Just noticed this ...

Deutsche Telekom bringing T-Mobile to Canada in 2009? | The Boy Genius Report

Might mean that iPhone does not arrive for another year ... however, if Rogers loses out ... it would be worth the wait :clap:


----------



## Adrian. (Nov 28, 2007)

i thought something like this would happen. the sooner the better. my rogers contract is up in a couple of weeks. i think i may just get a pay as you go for my personal use until some other carriers move in and then i'll shop around.


----------



## Ottawaman (Jan 16, 2005)

> Would-be wireless players line up for auction


http://ctv2.theglobeandmail.com/ser...310/business/Business/businessBN/ctv-business



> Robert Bek, an analyst at CIBC World Markets, suggested in a recent note that the auction may also draw the interest of T-mobile International, a division of Deutsche Telekom that entered the U.S. market in 2001.
> 
> He said T-Mobile is likely to be enticed by Canada's relatively low wireless penetration rate, which is about 62 per cent compared to an average of 80 per cent in other developed countries.
> 
> ...


http://www.thestar.com/Business/article/308026


----------



## 8127972 (Sep 8, 2005)

I truly hope that this happens. I'm sick of getting "Rogered" by Rogers.


----------



## Philly (Nov 17, 2007)

SWEEEEEEEEEEEEET ! Look forward to see T-Mobile in Canada.

I'm with them in the US and rates are WAY better than Canada.

With pre-paid: 10cents/min, expires 365 days if buy more than 100$ initially. Afterwards, always expires 365days after even if buying less than 100$

Lets compare to FIDO and ROGERS: FIDO=average 20c/min, expires average=30days

ROGERS=average 40c/min, expires=no idea (SOOO difficult to surf their website).

As for monthly plans: A good plan for T-Mobile 40$/month, 1000min anytime + nights&weekends unlimited. :clap: :clap: :clap: :clap: 

New plan available all over the US: 100$/month UNLIMITED. Whenever, whatever, REAL unlimited.

As for iPhone rates, not bad at all neither.
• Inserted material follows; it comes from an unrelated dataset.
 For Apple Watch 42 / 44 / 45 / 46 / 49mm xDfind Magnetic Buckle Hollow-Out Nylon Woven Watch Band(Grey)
AT&T have good plans for it.

Lets not even try to check FIDO+ROGERS.

Anyways, I REALLY LOOK forward for competition.... :clap: :clap: :clap: :clap: :clap:


----------



## HowEver (Jan 11, 2005)

It's a large assumption to say that if T-Mobile were in Canada their rates would be far better than other carriers just because their rates are better elsewhere--in comparison to rates here.


----------



## Philly (Nov 17, 2007)

competition is usually good for consumer prices


----------



## newbieted (Dec 20, 2007)

This sounds very promising for the consumer and I hope it becomes a reality and shakes the cellular services up here. With all this competition I hope EVERYBODY drops their already very high prices for wireless services in Canada. I personally hope the market becomes flooded with wireless providers to force you know who into lowering their rates
Ted


----------



## xtal (Jul 9, 2006)

Philly said:


> competition is usually good for consumer prices


Not necessarily, according to this study out of UC Boulder:

http://ideas.repec.org/p/net/wpaper/0713.html


----------



## CaptainCode (Jun 4, 2006)

Holy hell, I hope so. Now in the US some carriers have truly unlimited calling and what do I get from Rogers for $40/month? 200 weekday/weeknight minutes, what a deal.


----------



## Mississauga (Oct 27, 2001)

HowEver said:


> It's a large assumption to say that if T-Mobile were in Canada their rates would be far better than other carriers just because their rates are better elsewhere--in comparison to rates here.


Good point!!!

Pricing is almost always based on what the market will bear.


----------